I cringe every time I write about Dobbs

I am not a woman who has been told that the most fundamental aspects of her personhood are now controlled by the state. Without that lived experience, one could reasonably question why I—or any male—should presume to pontificate on the effect of Dobbs. That is a fair point I struggle with every time I write about Dobbs. So, I want to take a moment to caution all commentators writing about Dobbs (including me) not to repeat the chauvinistic error committed by Alito in his opinion. In drafting an opinion that should have turned on a delicate and excruciating balance of between the state, a fetus, and a woman, Alito barely mentioned the life-altering consequences on the woman of being forced by the state to give birth and raise a child. Alito’s omission is addressed by Philip Rotner in his essay, The Supreme Court’s Murder Suicide Pact In Overruling Roe v Wade. Writes https://minimore.com/b/SIJ0I/1

Alito dismisses that issue [the effect of a forced delivery and raising a child] – which should be at the heart of any discussion of the correctness of Roe – as not even worth discussing. He swats it away in a single pathetic paragraph:

These attempts to justify abortion through appeals to a broader right to autonomy and to define one’s ‘concept of existence’ prove too much. Those criteria, at a high level of generality, could license fundamental rights to illicit drug use, prostitution, and the like. Got that? Alito believes that recognizing autonomy over giving birth and raising a child is a concept at a high-level of generality that could lead to decisions recognizing illicit drug use, prostitution, etc. To say the least, Alito doesn’t get it. In truth, Alito doesn’t care about the burdens imposed on women for reasons known only to him. But it is a grotesque oversight that invalidates everything else he writes in Dobbs.

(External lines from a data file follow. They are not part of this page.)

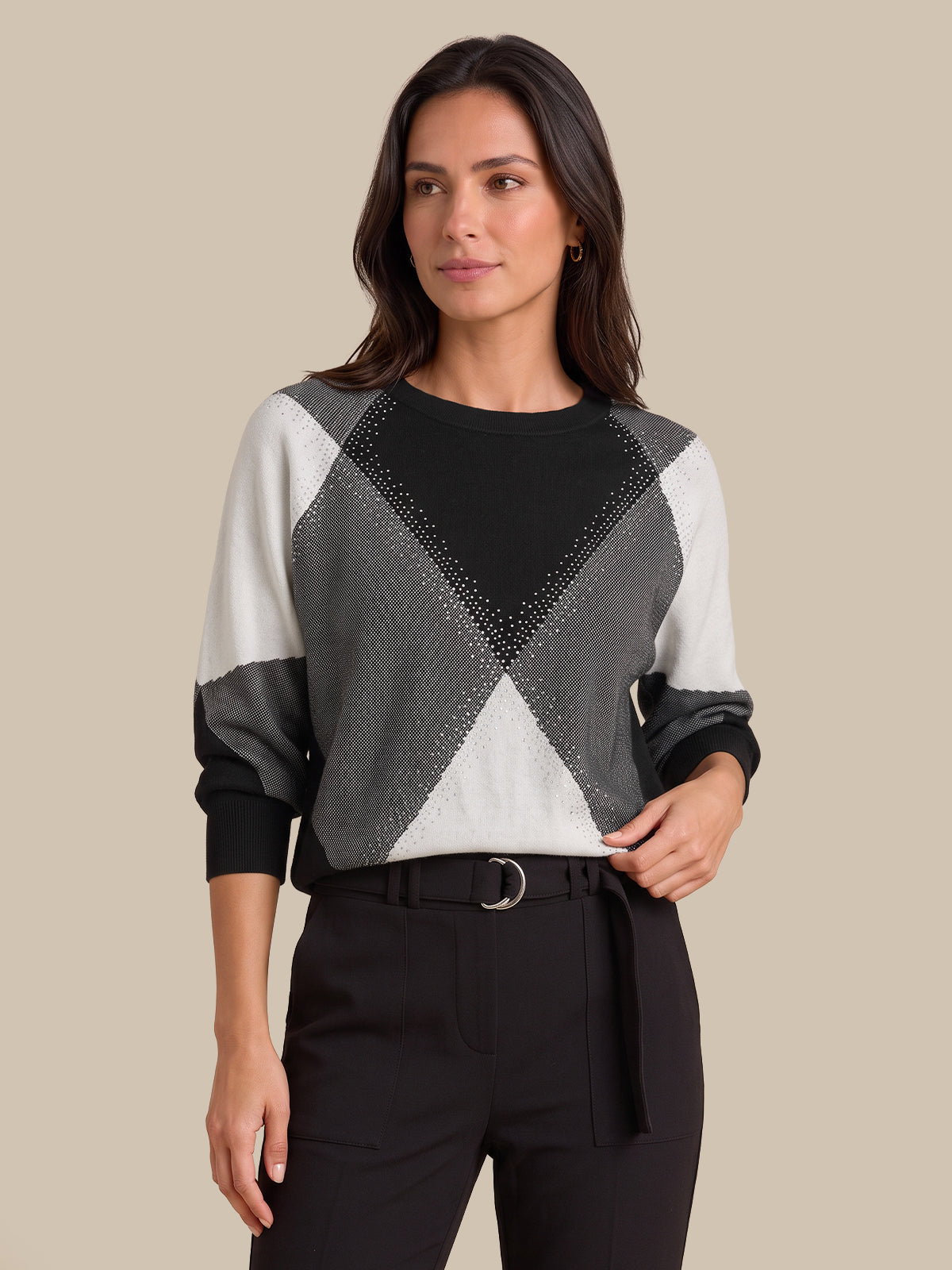 A woman modeling a long-sleeve knit sweater with a geometric color-blocked pattern in black, gray, and off-white, paired with black trousers against a solid beige background.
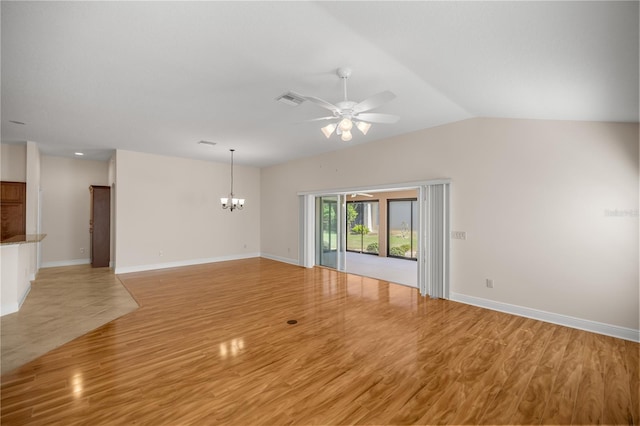 unfurnished living room featuring light hardwood / wood-style floors, lofted ceiling, and ceiling fan with notable chandelier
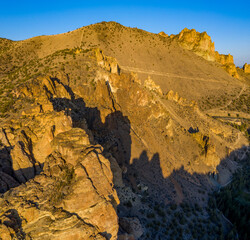 Sticker - landscape, desert, rock, canyon, mountain, nature, sky, travel, mountains, red, stone, view, park, usa, cliff, hill, blue, rocks, tourism, beauty, national, scenic, valley, aerial, drone, bend, oregon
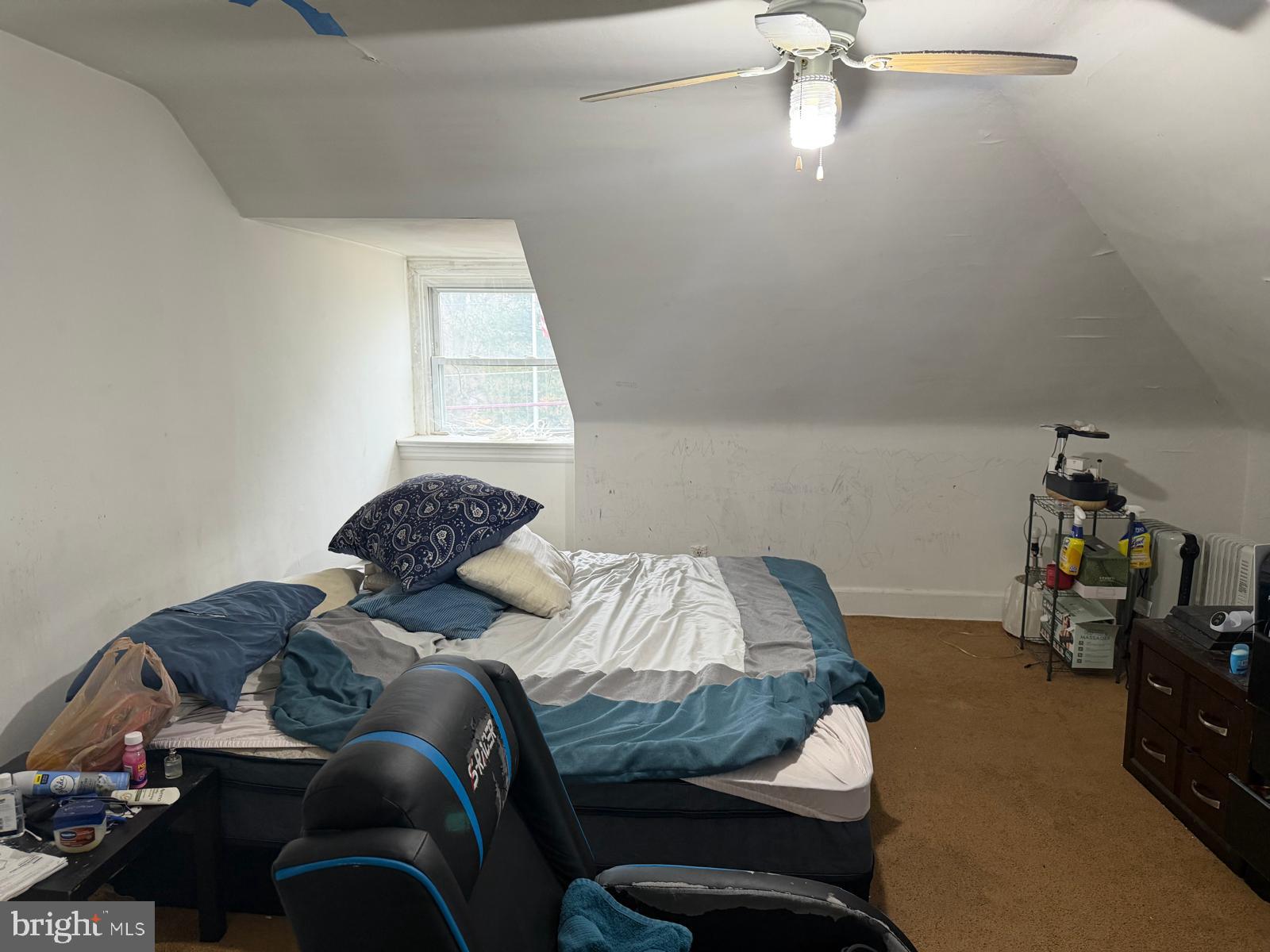 3727 6th Street Brookhaven, PA 19015 - Photo 7 of 9 a bedroom with a bed and a window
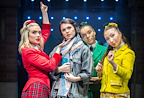 Four individuals pose dramatically on stage, dressed in colorful costumes. They exhibit confident expressions against a backdrop of stage lights.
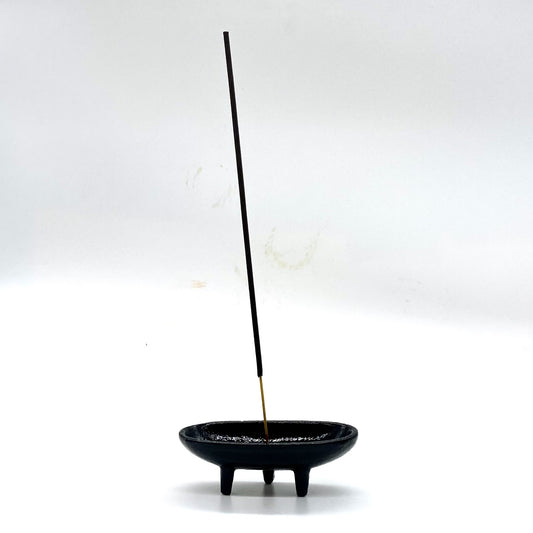 Cast iron incense burner with incense stick.
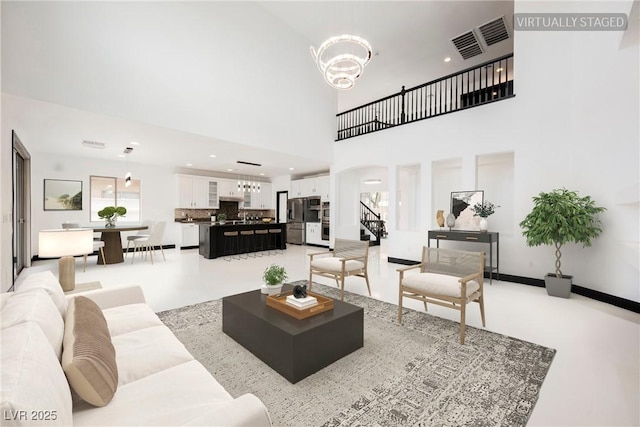 8244 Cupertino Heights Way, Las Vegas, NV 89178 - living room with a chandelier, stairs, a towering ceiling, and recessed lighting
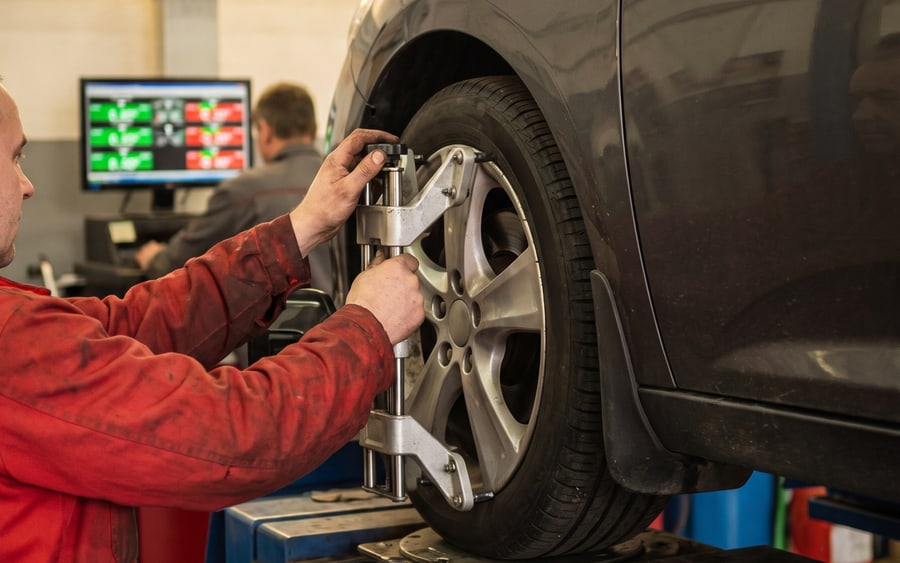 Technician adjusting the geometry of a Brabus at A to Z Car Service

So, too, with commentators discussing Dobbs. The opinion is not a law-school hypothetical or a clash of legal principles. If any discussion of Dobbs does not recognize its life-altering assertion of control of the state over reproduction and personal autonomy, the discussion is mere sophistry. Dobbs has instantly demoted the legal status of 150 million American women. Even for women who live in a state that recognizes the right to abortion, the state could—if it wanted—choose to exercise dominion over women’s autonomy in the future. The existence of that contingency marks women as a disadvantaged class of Americans.

So, to all of my fellow male commentators explaining why Dobbs is (or isn’t) so bad, I urge you to start and end your analyses with the impact of the decision on the lives of women in your family, workplace, community, congregation, and nation. If you fail to do that, you have no understanding of the holding in Dobbs, and, like Alito, you invalidate everything else you have to say on the subject. In that regard, I want to remind my readers of Jessica Craven’s excellent blog, Chop Wood, Carry Water. Jessica is on the front lines every day, but especially so in the aftermath of Dobbs. She urges us to action while expressing her sense of outrage from a vantage not available to me. Her column today is especially good.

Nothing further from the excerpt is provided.